I explained my plan to my governors, who "quickly came round to the idea", and my post was duly advertised as a job-share. Even then, there was no guarantee that Les would be selected. He was interviewed and heard just before Christmas that he had got the job. "
I decided I was going to share my job, not relinquish part of it. It's a major, major life change for Les and for me. But it's an exciting change.
In some ways being a head teacher is quite a lonely job: going through processes of consultation, making decisions and so on. If you have another person you can sound those things out with, that has got to be positive.
. Les and I have worked together before; he was my boss when I was a class teacher at Lantern Lane in the early 1990s. We have very different skills that plait together nicely.
Having a married couple in charge at Greenwood isn’t a problem, After all, half the partnership is already well known to staff and pupils. I have staff employed on a job-share basis and there is sometimes an issue about who goes to staff development and that kind of thing. If you are a couple who live together the issues aren't going to be there. We are both head teachers anyway, so most of our evenings are geared around work. We think the same way, and now we are working with the same goals in mind."
But any fears that our personal partner¬ship might get in the way of our professional performance are misplaced, Les believes. "Obviously there will be times when we dis¬agree, but we will do our arguing at home.”
But for us as a family, while the rewards will be great in other areas, our family income is about to be halved at a stroke. That's the only negative, that we are one head teacher’s salary down. We are beginning to feel the pinch now after six months.
Our new lifestyle ensures that one of us is always at home to take care of the children. On our very first day in the new arrangement our daughter Eilish was ill and had to take a rare day off school,
What a huge relief, no arguments over who had to take the day off!!
Les and I have always shared the household chores and everything that goes with that so there have been no issues about having Daddy being at home.
Having said that I haven’t noticed Les going to twins club on his day off ….yet!
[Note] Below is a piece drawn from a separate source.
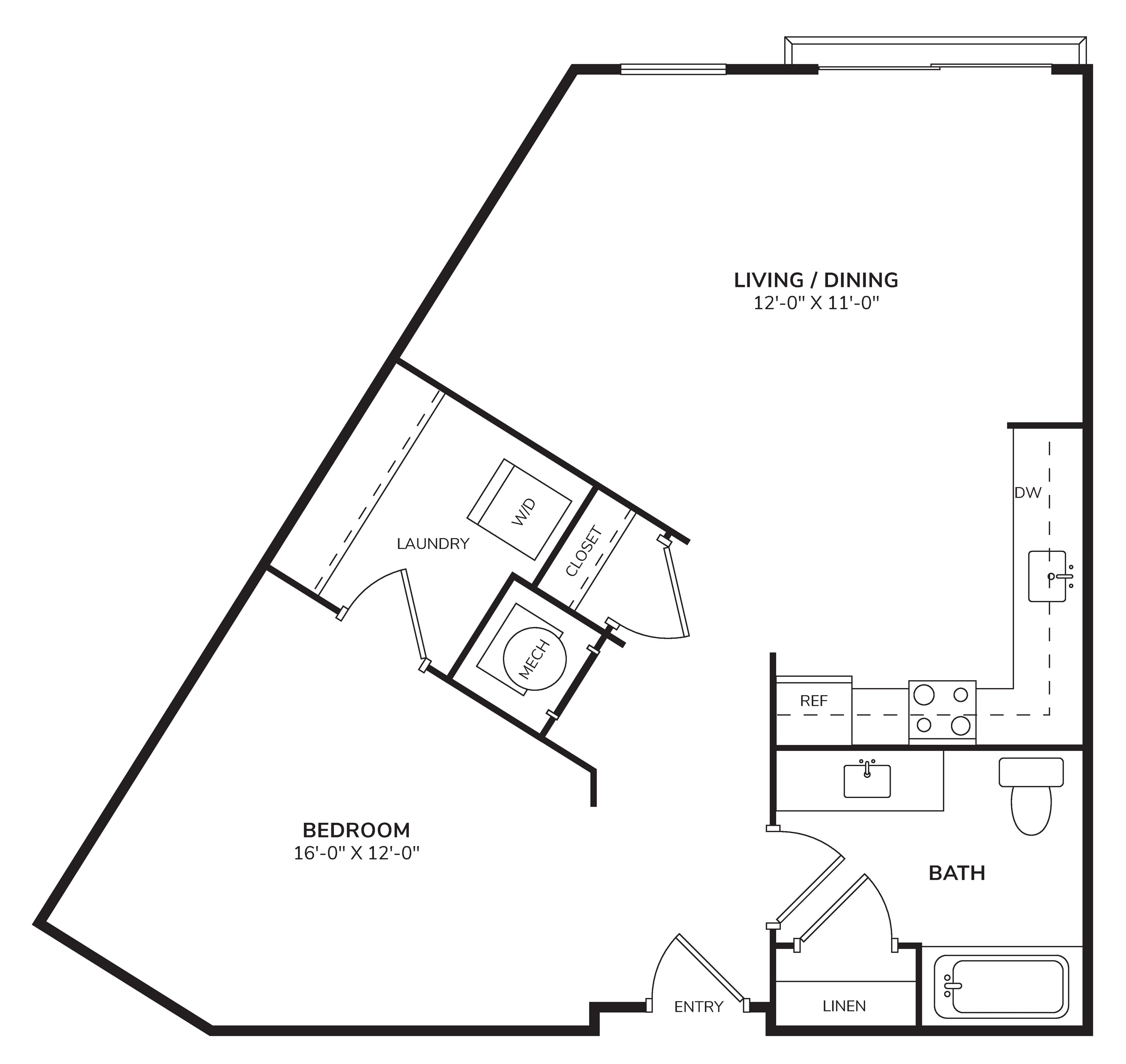 Rendering of the S2 - The Classical floor plan with a Studio bedroom and 1 bathroom[s] at Windsor Encore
I feel that we are both getting the best of both worlds and a rare insight into exactly what each others lives are like. If you are at work full time you tend to think your partner has got it easy being at home. We see both worlds and appreciate how hard and tiring it is to be at home with twin baby boys. It is sometimes a relief to put on your suit and hop into the car leaving your partner holding two babies, making packed lunch for the other three, arranging the logistics of brownies, chess club and Irish dancing that evening, tidying up the morning chaos and trying to grab a quick shower before the school run! There is also something liberating about putting the boys for a nap mid morning and going down into a quiet house to make a coffee in the knowledge that your partner will be ploughing through that huge mound of work on the desk in the office. (Actually we have our OWN desks because I’m tidy and he’s not!)
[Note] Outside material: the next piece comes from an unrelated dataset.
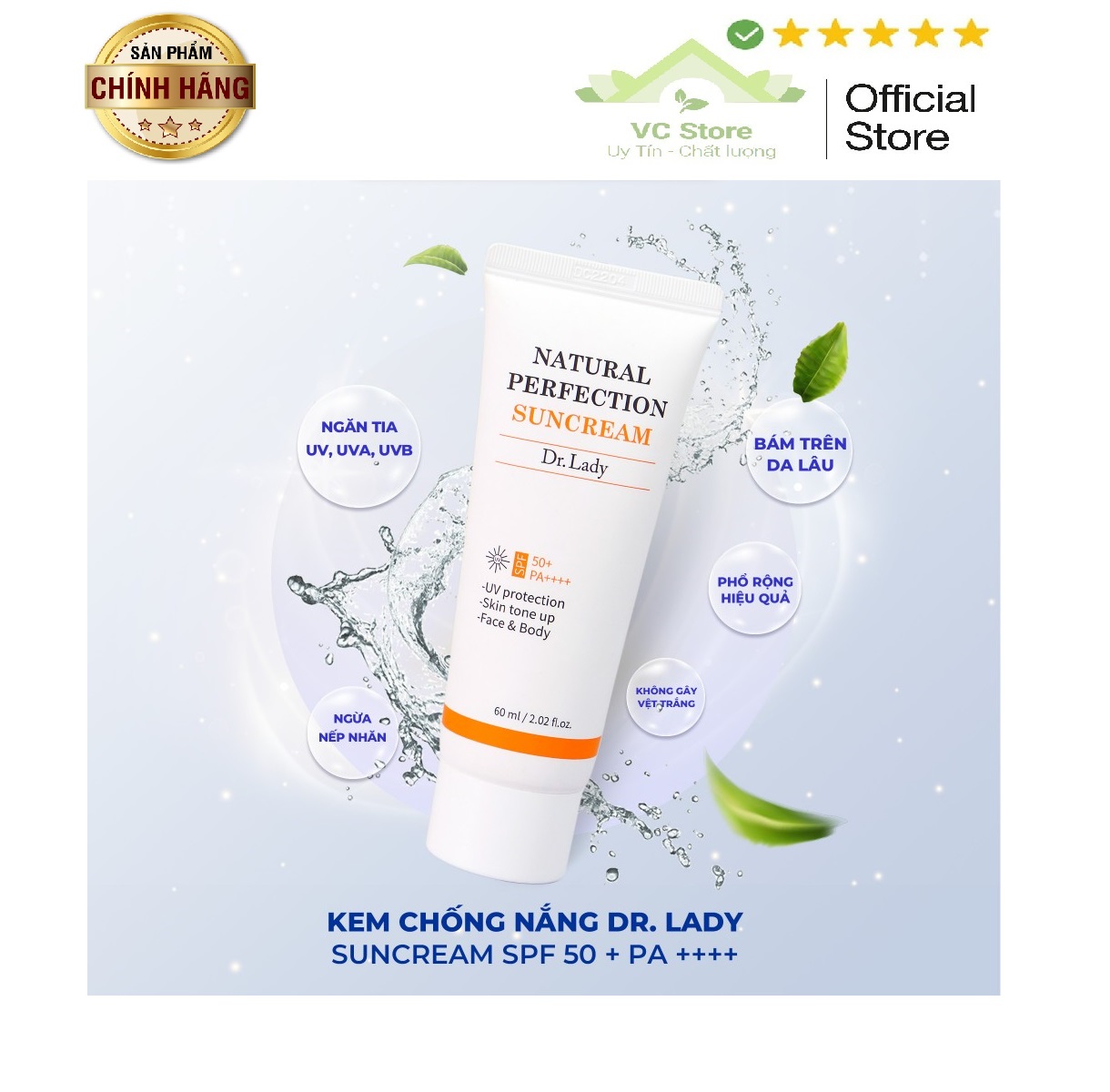 Kem chống nắng dr lady hàn quốc 60ml spf 50+ - kem chống nắng kiềm dầu nâng tone nhẹ nhàng trắng hồng tự nhiên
One more thing to consider is that if you are playing two vital and demanding roles in your life it is utterly exhausting, more exhausting than full time work. The major benefit for us is that our two new (unexpected) miracles do not need childcare and that our other three children can still have a quality of life that would be impossible without a parent at home. Lastly I always wondered if my daughters had never been picked to play Mary in the nativity because their Daddy was the Head teacher. Guess what— Sally is Mary this year!